* Task
Pictures excluded, set down exactly the lines from the one containing "Lustre | Davelle" through the final line of the material, and only those.

>>

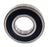 NIB KOYO 6314-2RSC3 SINGLE ROW BALL BEARING 63142RSC3
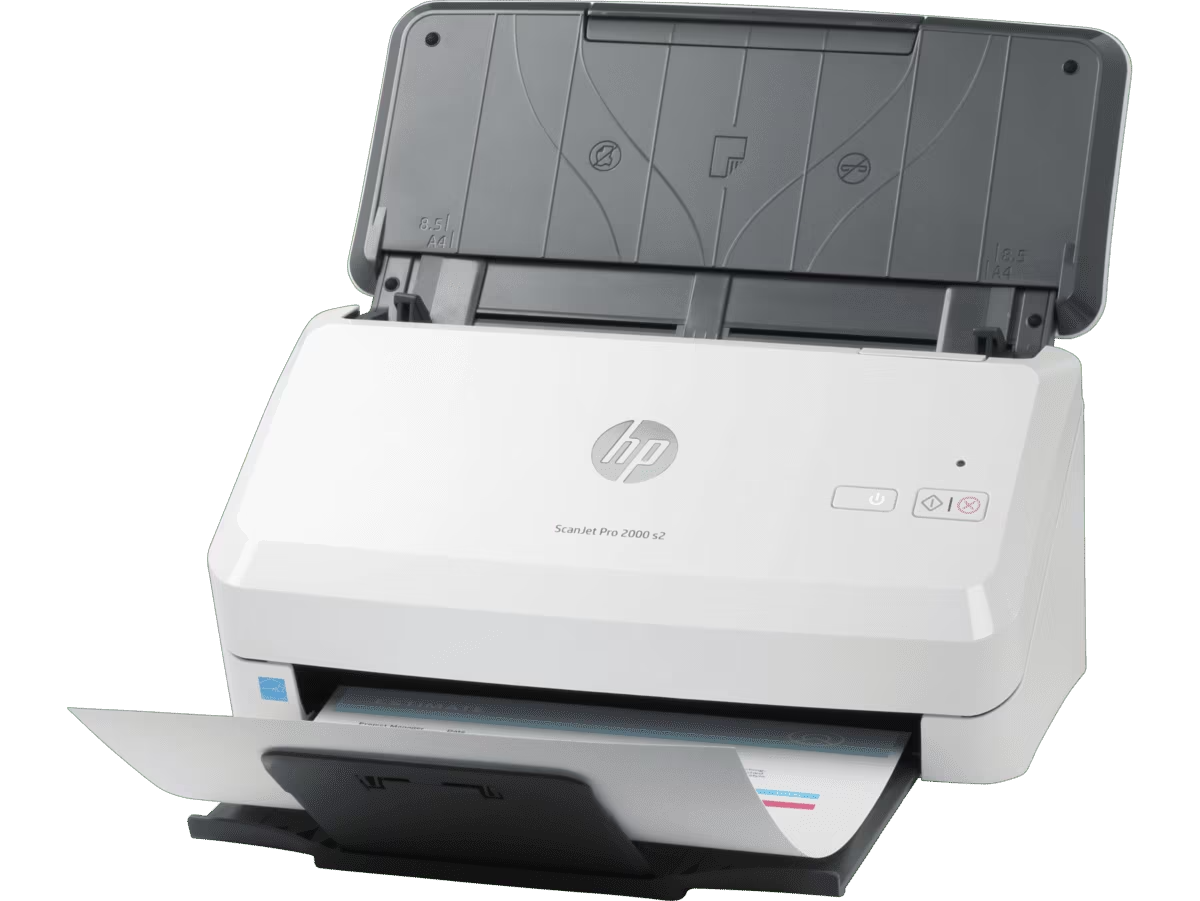 Escáner HP ScanJet Pro 2000 s2 - Panamá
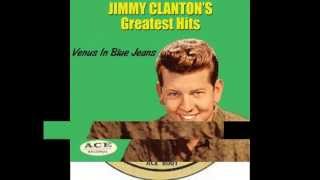 Video thumbnail of "Jimmy Clanton Venus In Blue Jeans Stereo Mix"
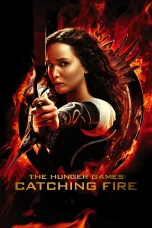 Nonton film The Hunger Games: Catching Fire (2013) terbaru di Dutamovie21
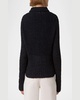 Summer Tweed Knit Boxy Cardigan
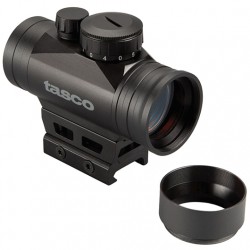 TASCO VISOR PRO POINT 1x30 PCC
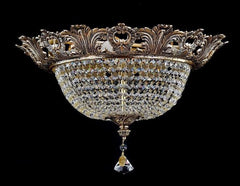 Lustre | Davelle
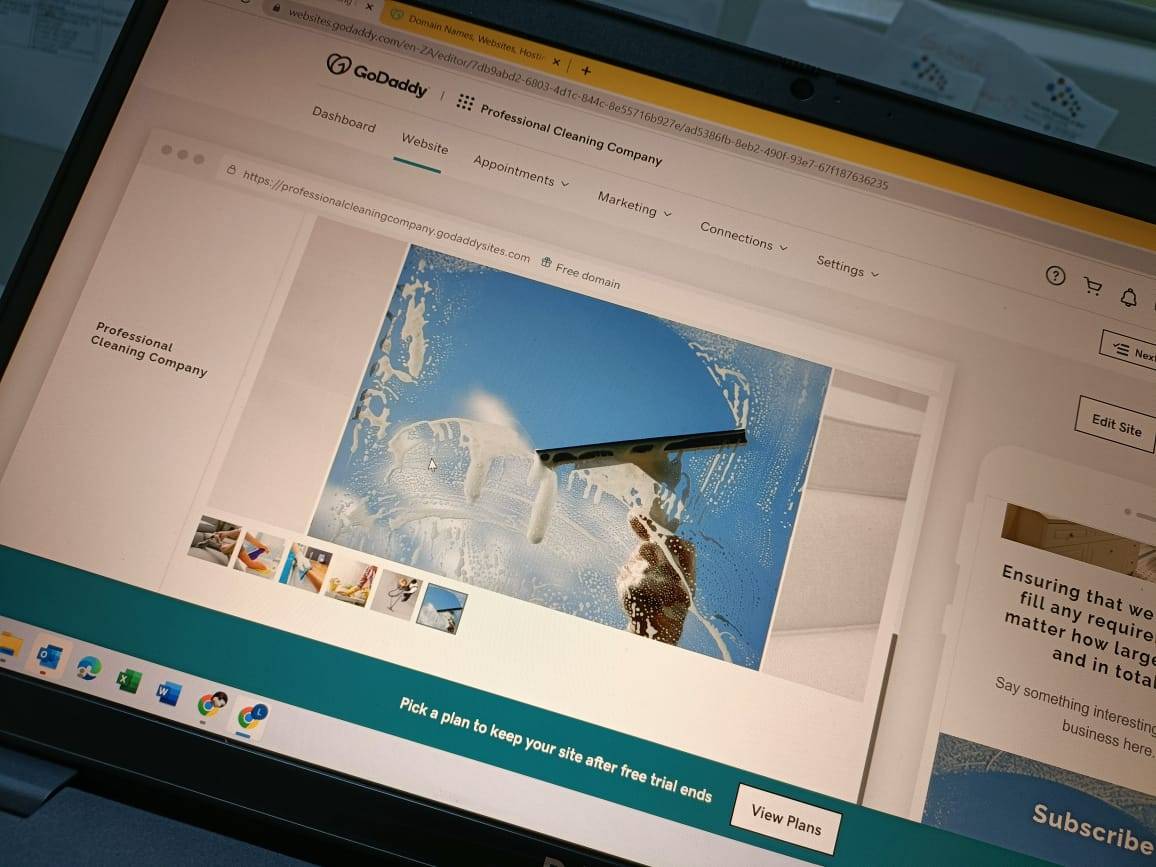 Nelson Mandela Bay Science and Technology Centre tweet media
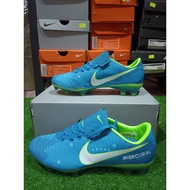 Nike MERCURIAL VAPOR 8 NEYMAR FG - kasut bola nike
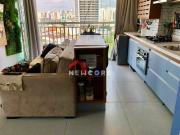Apartamento em Rua Josef Kryss Parque Industrial Tomas...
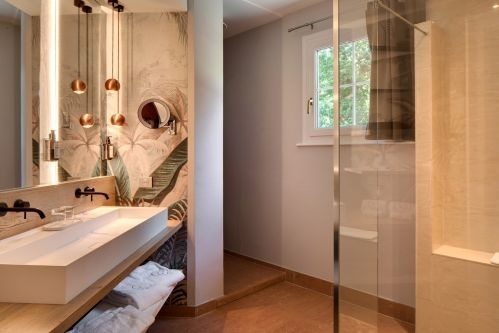 Junior Suite Les Bruyères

<<

* Solved problem
 Lustre | Davelle
 Nelson Mandela Bay Science and Technology Centre tweet media
 Nike MERCURIAL VAPOR 8 NEYMAR FG - kasut bola nike
Apartamento em Rua Josef Kryss Parque Industrial Tomas...
 Junior Suite Les Bruyères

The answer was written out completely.